## The problem
Go to the line with "Marjorie Gardens in" in the records below, then output it and each following line exactly, up to and including the line with "Chevrolet-suburban-1991-7". Skip pictures and add nothing.

## Available data
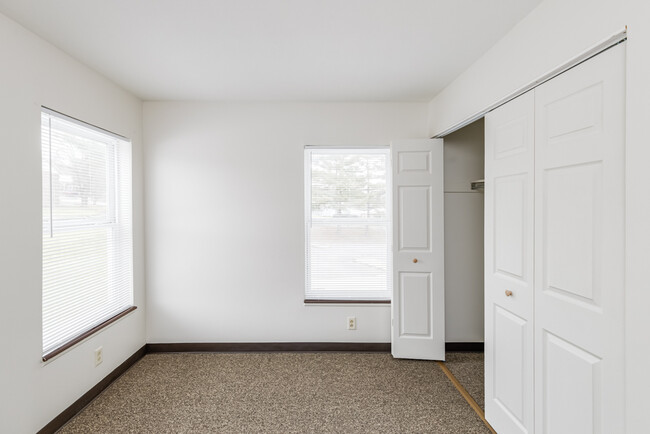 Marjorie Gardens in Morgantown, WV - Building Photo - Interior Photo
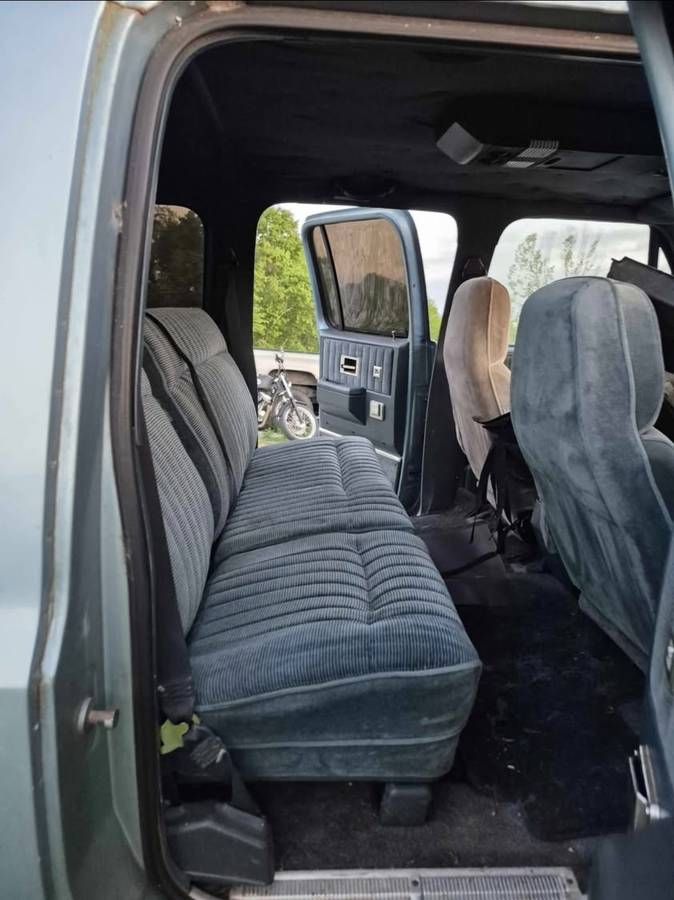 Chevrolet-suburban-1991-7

---

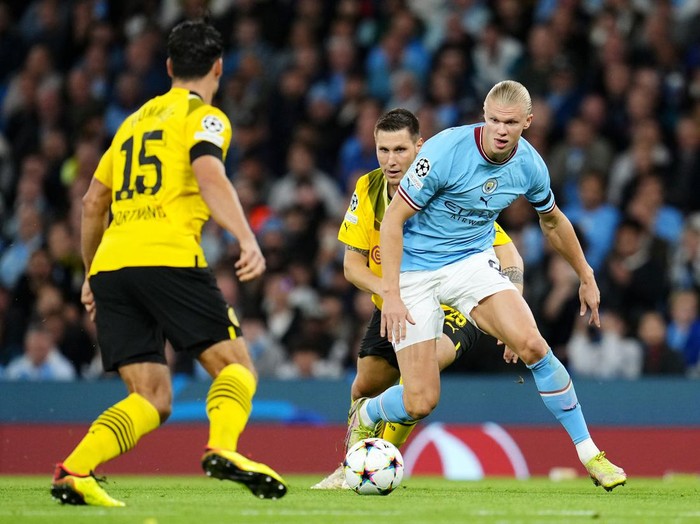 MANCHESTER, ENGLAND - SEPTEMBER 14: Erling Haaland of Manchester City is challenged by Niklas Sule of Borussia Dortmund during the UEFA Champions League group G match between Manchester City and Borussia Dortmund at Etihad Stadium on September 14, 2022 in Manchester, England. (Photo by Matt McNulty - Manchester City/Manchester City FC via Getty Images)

## Response to the task
 Marjorie Gardens in Morgantown, WV - Building Photo - Interior Photo
 Chevrolet-suburban-1991-7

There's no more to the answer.